(Short text fragments from websites)
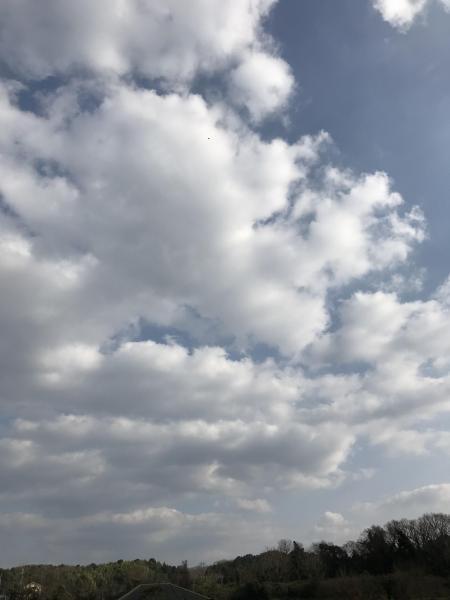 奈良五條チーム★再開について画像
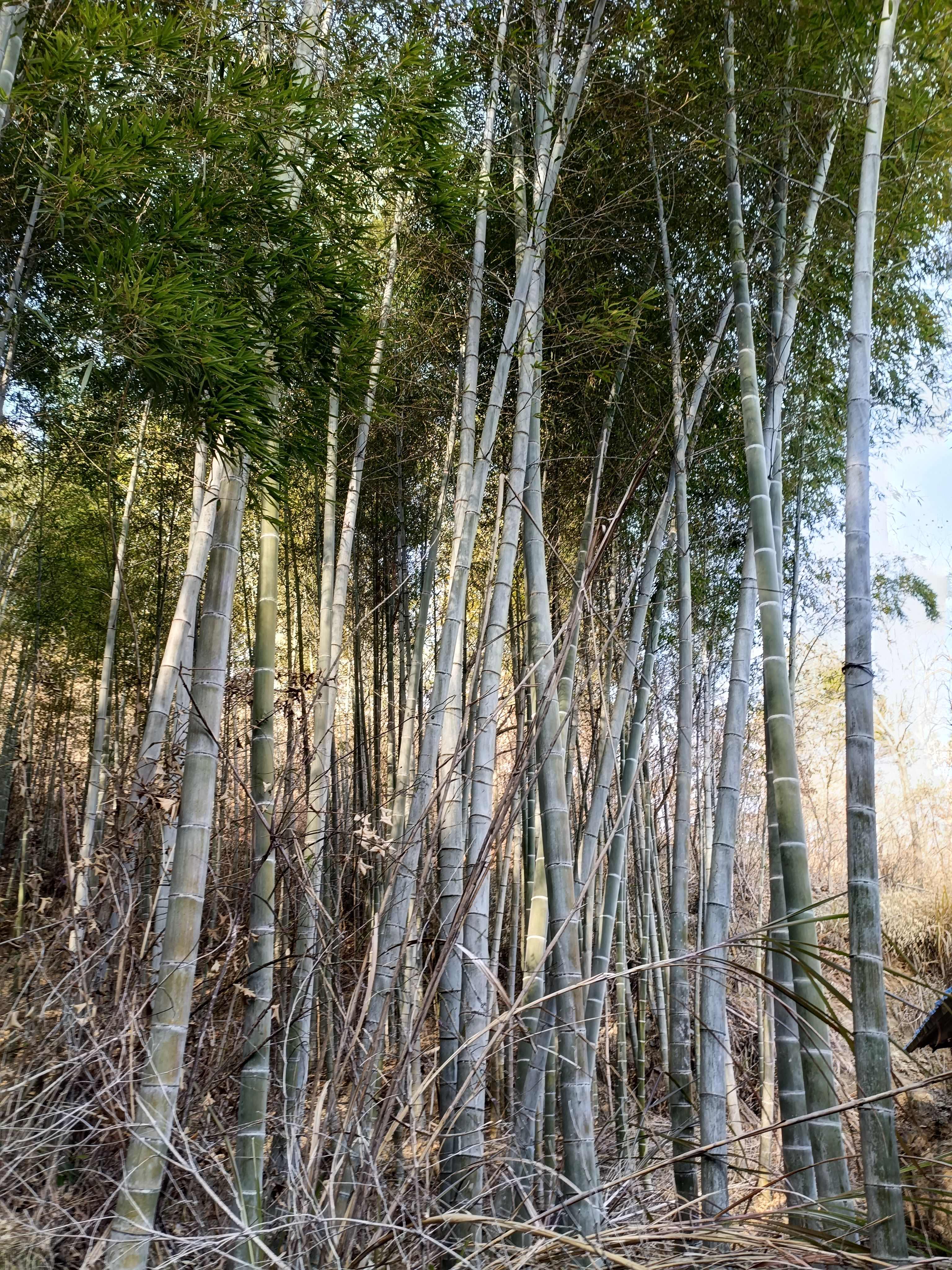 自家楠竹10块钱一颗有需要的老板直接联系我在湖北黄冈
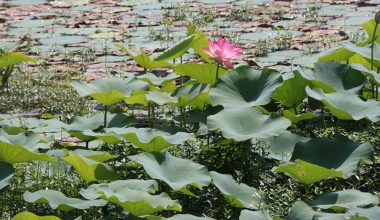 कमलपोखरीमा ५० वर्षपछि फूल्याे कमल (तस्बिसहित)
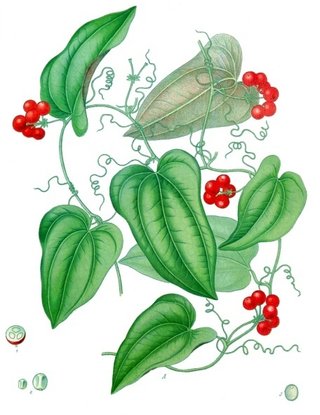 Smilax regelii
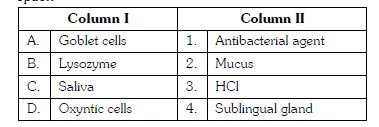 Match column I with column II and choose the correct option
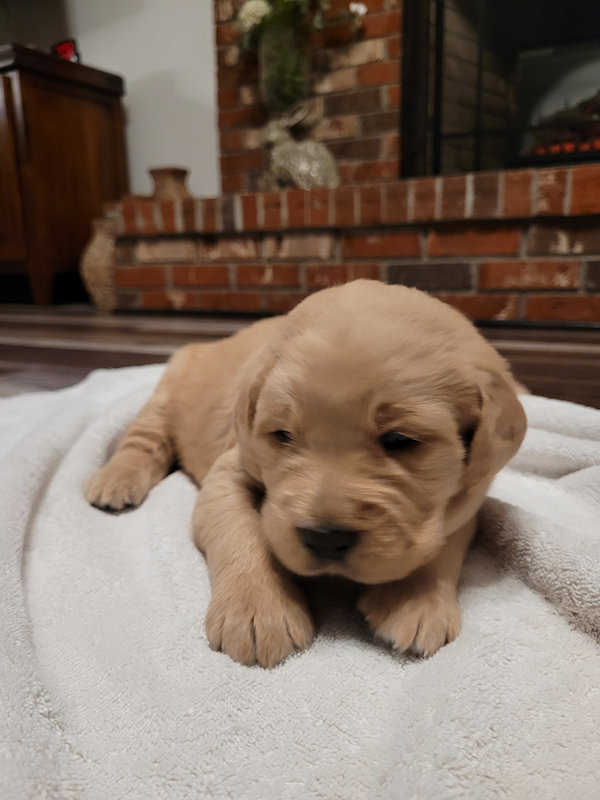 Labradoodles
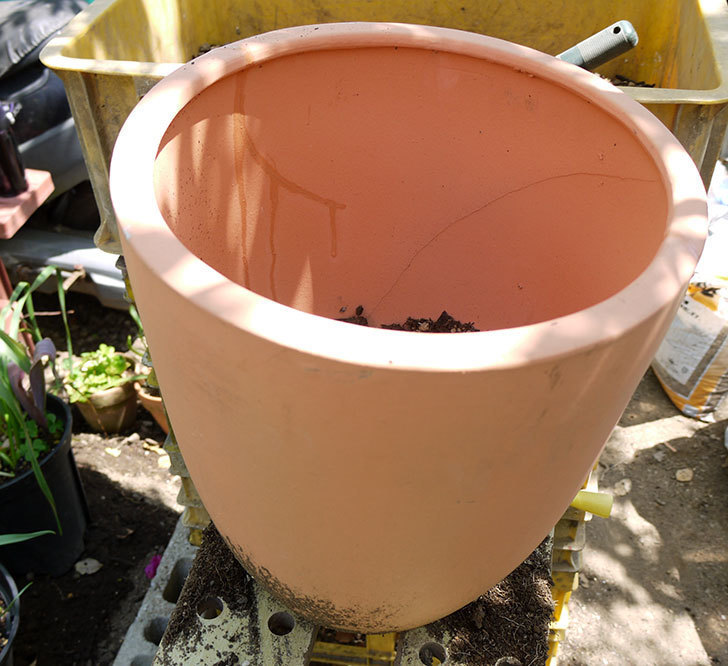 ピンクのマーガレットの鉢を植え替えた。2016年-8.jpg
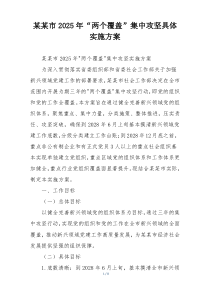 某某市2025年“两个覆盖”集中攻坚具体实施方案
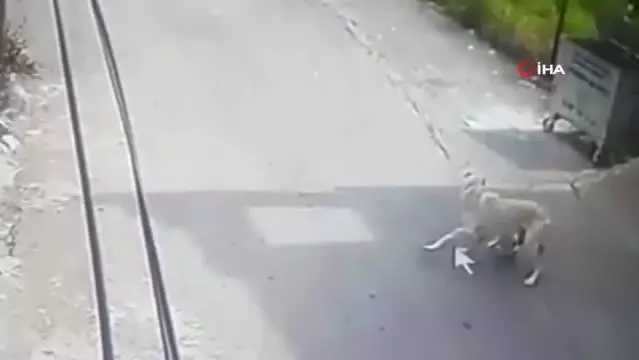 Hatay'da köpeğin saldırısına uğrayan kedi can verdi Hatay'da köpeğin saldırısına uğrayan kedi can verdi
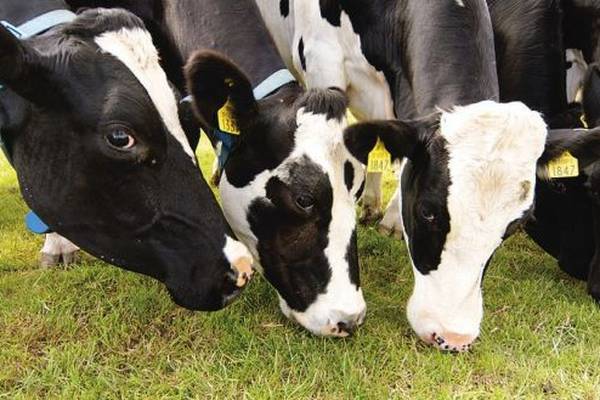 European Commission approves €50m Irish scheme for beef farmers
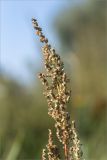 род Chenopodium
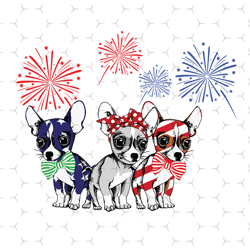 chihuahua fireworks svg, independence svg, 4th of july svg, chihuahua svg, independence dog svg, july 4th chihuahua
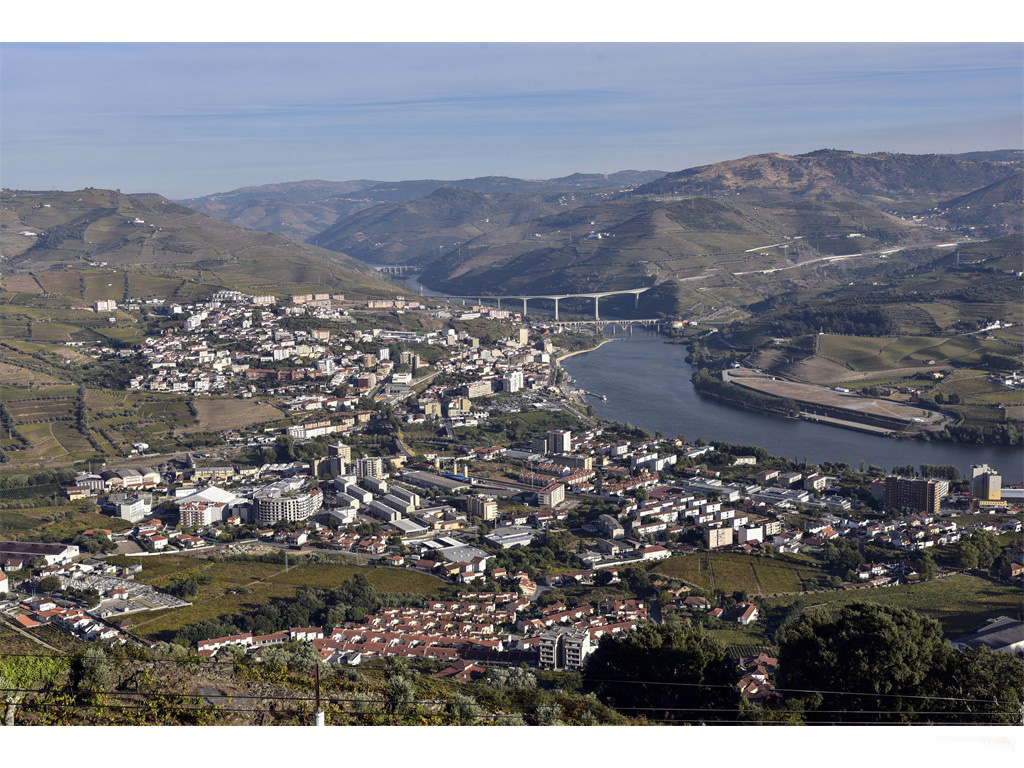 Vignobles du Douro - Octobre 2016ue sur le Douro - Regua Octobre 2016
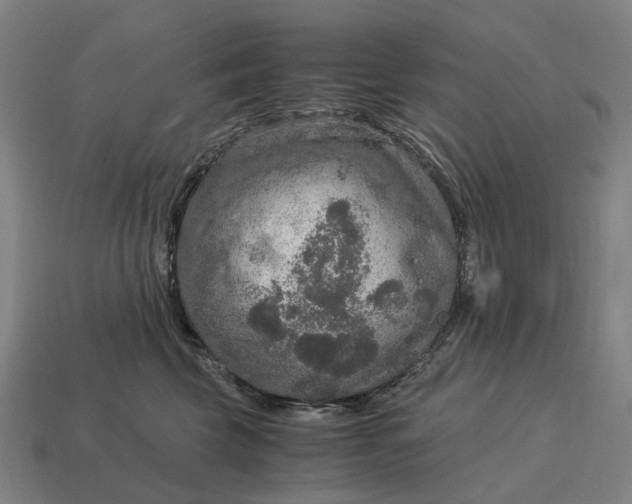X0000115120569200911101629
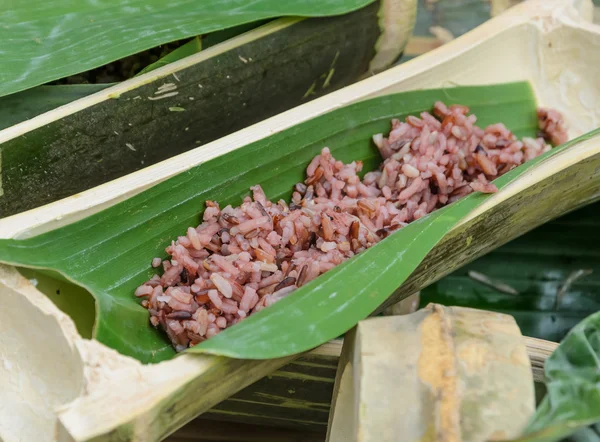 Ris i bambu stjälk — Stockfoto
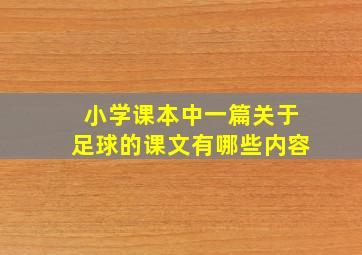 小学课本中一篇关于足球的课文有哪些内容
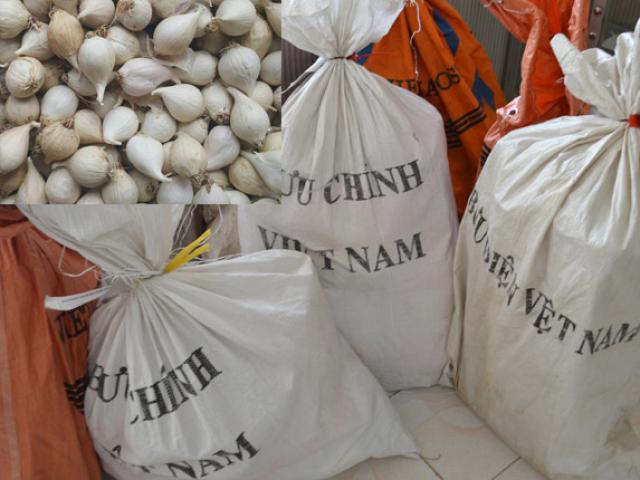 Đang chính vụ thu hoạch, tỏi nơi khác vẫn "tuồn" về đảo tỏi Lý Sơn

Your task ▸ A word-for-word copy of the data, without its pictures, is what is needed.

Answer box ▸
 奈良五條チーム★再開について画像
 自家楠竹10块钱一颗有需要的老板直接联系我在湖北黄冈
 कमलपोखरीमा ५० वर्षपछि फूल्याे कमल (तस्बिसहित)
 Smilax regelii
 Match column I with column II and choose the correct option
 Labradoodles
 ピンクのマーガレットの鉢を植え替えた。2016年-8.jpg
 某某市2025年“两个覆盖”集中攻坚具体实施方案
 Hatay'da köpeğin saldırısına uğrayan kedi can verdi Hatay'da köpeğin saldırısına uğrayan kedi can verdi
 European Commission approves €50m Irish scheme for beef farmers
 род Chenopodium
 chihuahua fireworks svg, independence svg, 4th of july svg, chihuahua svg, independence dog svg, july 4th chihuahua
 Vignobles du Douro - Octobre 2016ue sur le Douro - Regua Octobre 2016
X0000115120569200911101629
 Ris i bambu stjälk — Stockfoto
 小学课本中一篇关于足球的课文有哪些内容
 Đang chính vụ thu hoạch, tỏi nơi khác vẫn "tuồn" về đảo tỏi Lý Sơn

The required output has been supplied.